• **SUPPLIED DATA**:

----

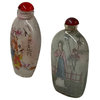 2 Chinese Glass Snuff Bottle Oriental Scenery People Graphic Hws2782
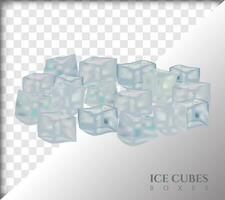 Set of vector illustrations of melting realistic style ice cubes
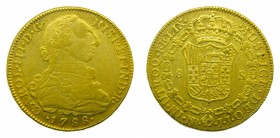 Carlos III (1759-1788). 1788 JJ. 8 Escudos. Santa Fe de Nuevo Reino. (Cal. 199)(AC 2124). 26,89 gr Au.
mbc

----

• **EXERCISE BRIEF**: Copy out every line above without change, dropping the pictures.

• **ANSWER**:
 2 Chinese Glass Snuff Bottle Oriental Scenery People Graphic Hws2782
 Set of vector illustrations of melting realistic style ice cubes
 Carlos III (1759-1788). 1788 JJ. 8 Escudos. Santa Fe de Nuevo Reino. (Cal. 199)(AC 2124). 26,89 gr Au.
mbc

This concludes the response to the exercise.